[Information given]

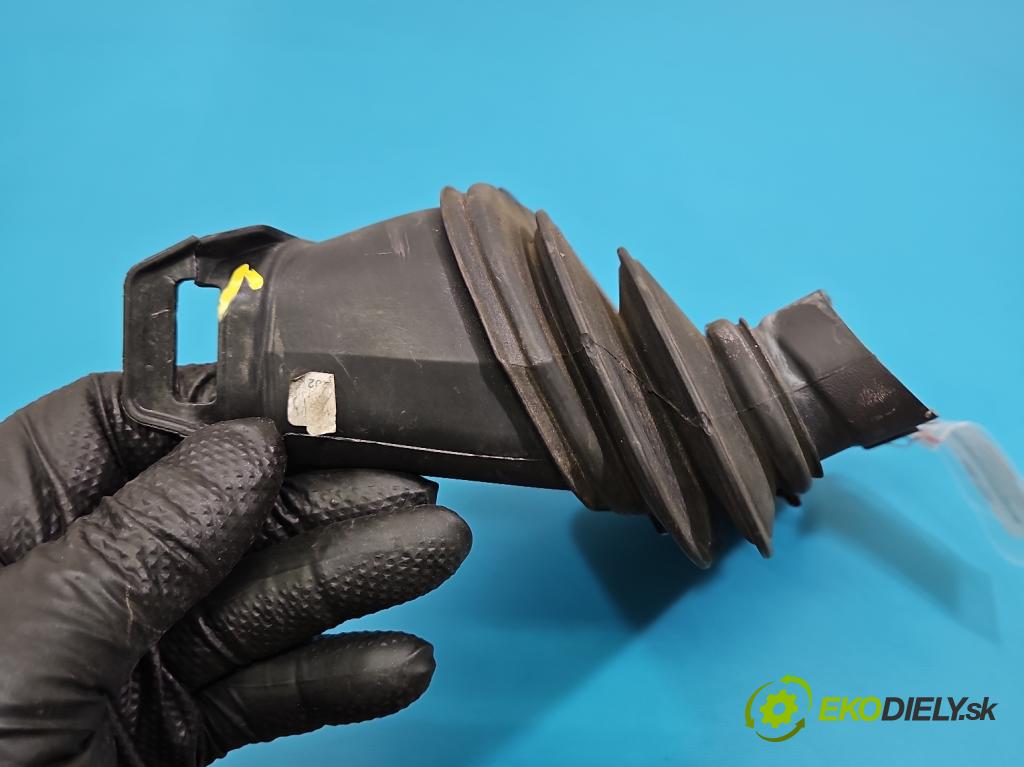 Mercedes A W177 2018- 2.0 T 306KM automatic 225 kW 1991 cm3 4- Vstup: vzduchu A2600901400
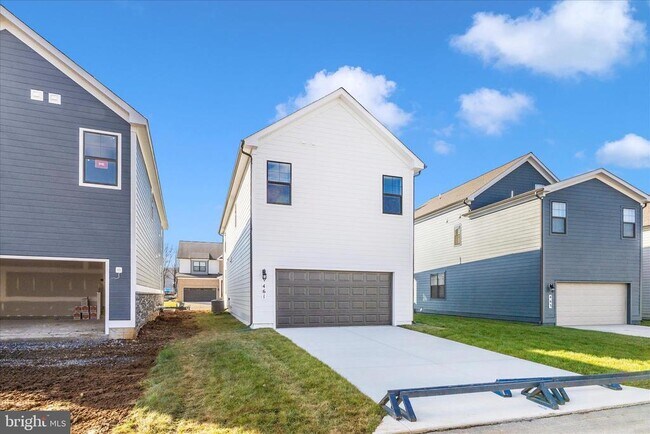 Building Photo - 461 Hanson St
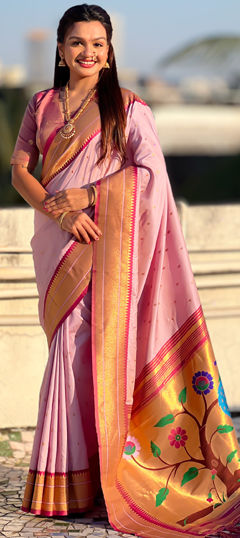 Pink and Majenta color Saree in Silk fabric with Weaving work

[/Information given]
[Information given]

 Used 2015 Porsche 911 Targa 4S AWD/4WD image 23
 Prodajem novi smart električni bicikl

[/Information given]

» **What the task asks**
Going by the entries above, repeat exactly the lines that start at the line with "Mercedes A W177" and go on through the line with "Pink and Majenta". Pictures are not part of the copy.

» **Your response**
 Mercedes A W177 2018- 2.0 T 306KM automatic 225 kW 1991 cm3 4- Vstup: vzduchu A2600901400
 Building Photo - 461 Hanson St
 Pink and Majenta color Saree in Silk fabric with Weaving work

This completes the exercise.